This notebook demonstrates how to build, deploy and test three types of agents using [Reasoning Engine](https://cloud.google.com/vertex-ai/generative-ai/docs/reasoning-engine/overview) with self-deployed model in Vertex AI.

[Reasoning Engine](https://cloud.google.com/vertex-ai/generative-ai/docs/reasoning-engine/overview) (LangChain on Vertex AI) is a managed service in Vertex AI that helps you build and deploy model-based agents. It gives you the flexibility to choose how much reasoning you want to delegate to the LLM and how much you want to handle with custom code.

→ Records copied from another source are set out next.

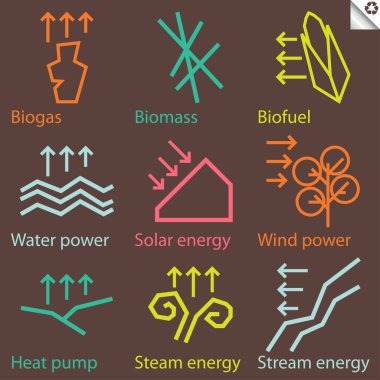 Energy background set vector clipart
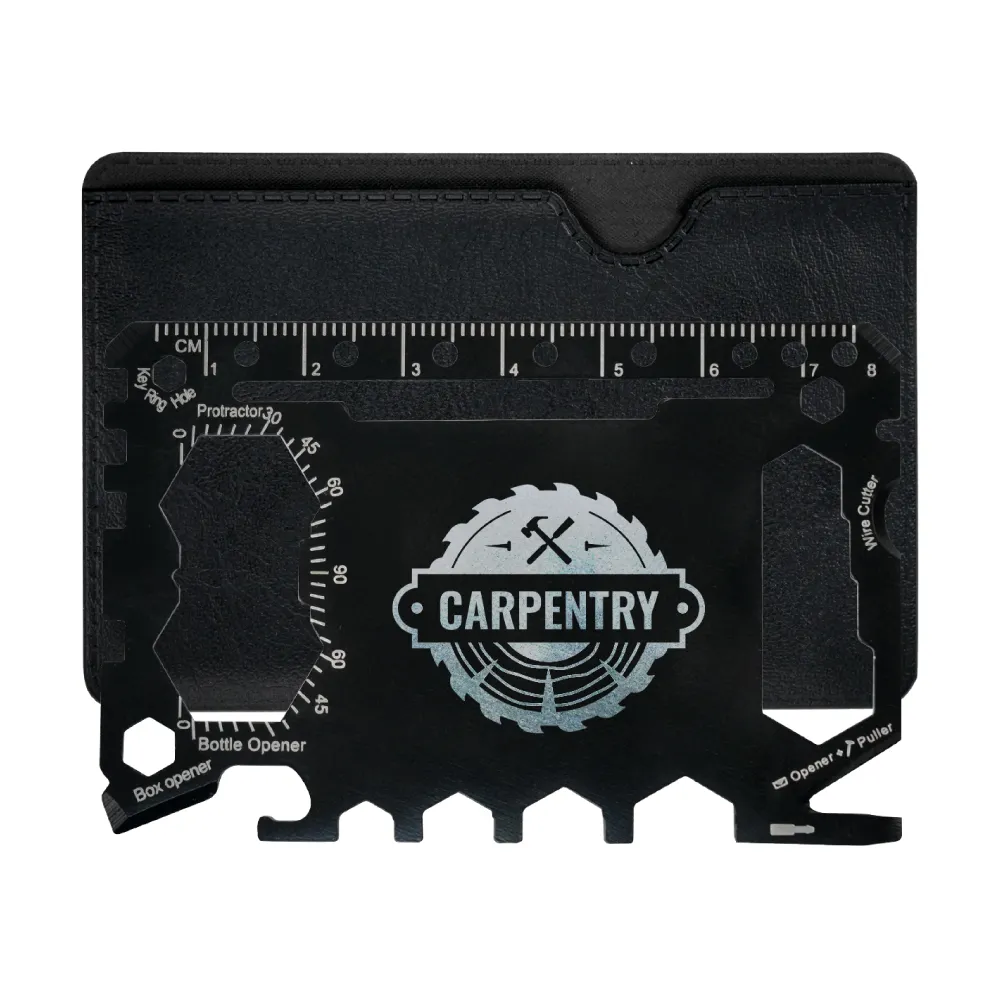 Multi-functional Tool Card in Stainless Steel with PU Leather Pouch 7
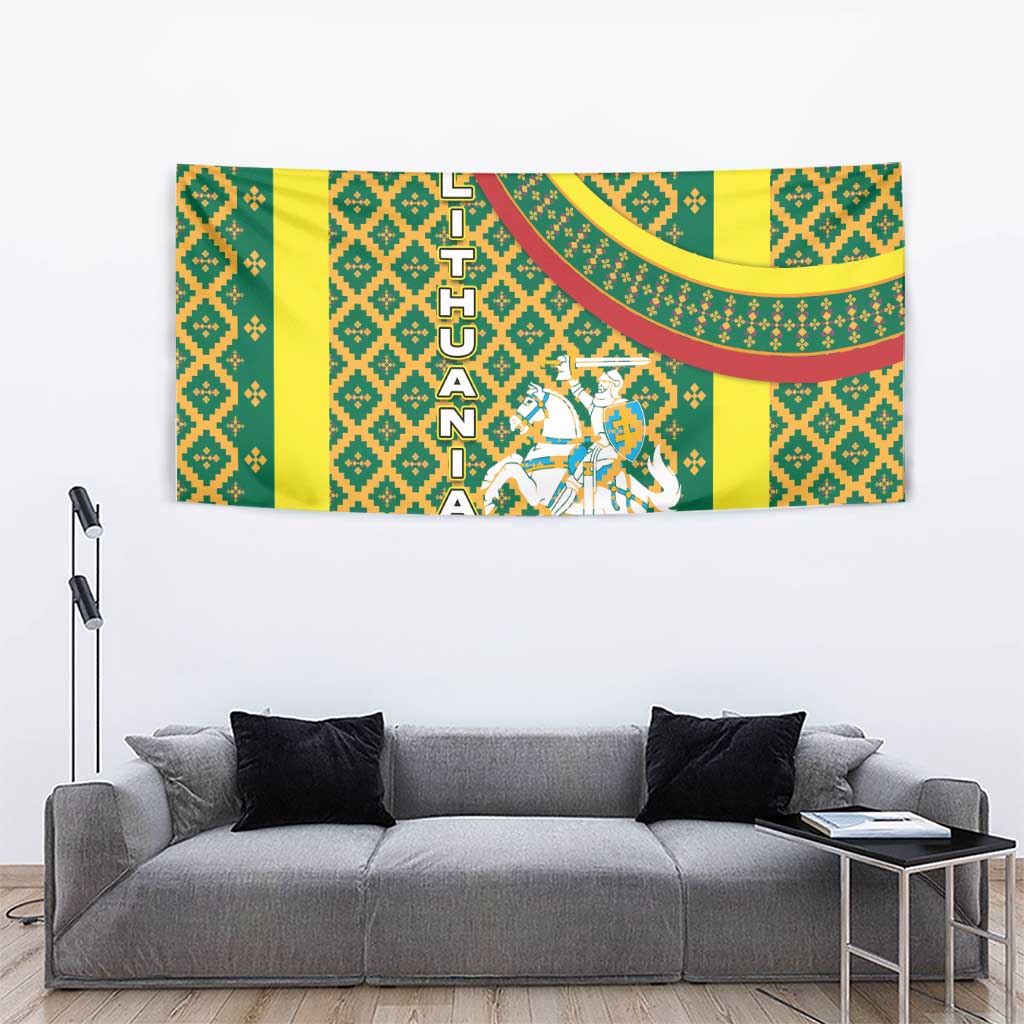 Lithuania Knight Pattern Tapestry with Traditional Green Yellow Red Design and Vytis Emblem - Wonder Print Shop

A previous [notebook](https://github.com/GoogleCloudPlatform/vertex-ai-samples/blob/main/notebooks/community/model_garden/model_garden_openai_api_llama3_1.ipynb) demonstrates how to use Llama 3.1 models as Model-as-a-service (MaaS) to build `chatbot` and `translator` agents.


### Objective
    
- Integrate with Reasoning Engine: Use the Vertex AI SDK to build three simple agents with the deployed endpoint:
    - A Chatbot Agent
    - A Translator Agent
    - An Agent that uses [an Exchange Rate Tool](https://cloud.google.com/vertex-ai/generative-ai/docs/reasoning-engine/develop#define-function)
- Test your agent locally.
- Deploy and test your agent on the Reasoning Engine.


### Costs

This tutorial uses billable components of Google Cloud:

* Vertex AI
* Cloud Storage

Learn about [Vertex AI pricing](https://cloud.google.com/vertex-ai/pricing), [Cloud Storage pricing](https://cloud.google.com/storage/pricing), and use the [Pricing Calculator](https://cloud.google.com/products/calculator/) to generate a cost estimate based on your projected usage.

## Before you begin

In [None]:
# @title Setup Google Cloud project

# @markdown 1. [Make sure that billing is enabled for your project](https://cloud.google.com/billing/docs/how-to/modify-project).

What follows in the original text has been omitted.